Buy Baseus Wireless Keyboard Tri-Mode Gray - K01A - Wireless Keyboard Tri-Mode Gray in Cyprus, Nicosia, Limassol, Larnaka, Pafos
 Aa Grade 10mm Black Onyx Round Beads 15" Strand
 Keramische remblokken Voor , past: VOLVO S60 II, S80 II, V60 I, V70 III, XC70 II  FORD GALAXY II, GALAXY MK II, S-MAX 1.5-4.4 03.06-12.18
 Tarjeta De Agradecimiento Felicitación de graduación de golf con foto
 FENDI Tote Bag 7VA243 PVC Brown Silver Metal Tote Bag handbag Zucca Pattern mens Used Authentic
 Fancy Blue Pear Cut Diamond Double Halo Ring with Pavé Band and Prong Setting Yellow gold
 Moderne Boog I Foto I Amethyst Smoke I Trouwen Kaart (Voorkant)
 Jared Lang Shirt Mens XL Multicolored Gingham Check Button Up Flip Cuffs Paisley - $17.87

________

**EXERCISE OBJECTIVE:** Your task is to output exactly the lines running from the one with "Keramische remblokken Voor" through the final line of the material above, with both ends included.

**RESULT BELOW:**
 Keramische remblokken Voor , past: VOLVO S60 II, S80 II, V60 I, V70 III, XC70 II  FORD GALAXY II, GALAXY MK II, S-MAX 1.5-4.4 03.06-12.18
 Tarjeta De Agradecimiento Felicitación de graduación de golf con foto
 FENDI Tote Bag 7VA243 PVC Brown Silver Metal Tote Bag handbag Zucca Pattern mens Used Authentic
 Fancy Blue Pear Cut Diamond Double Halo Ring with Pavé Band and Prong Setting Yellow gold
 Moderne Boog I Foto I Amethyst Smoke I Trouwen Kaart (Voorkant)
 Jared Lang Shirt Mens XL Multicolored Gingham Check Button Up Flip Cuffs Paisley - $17.87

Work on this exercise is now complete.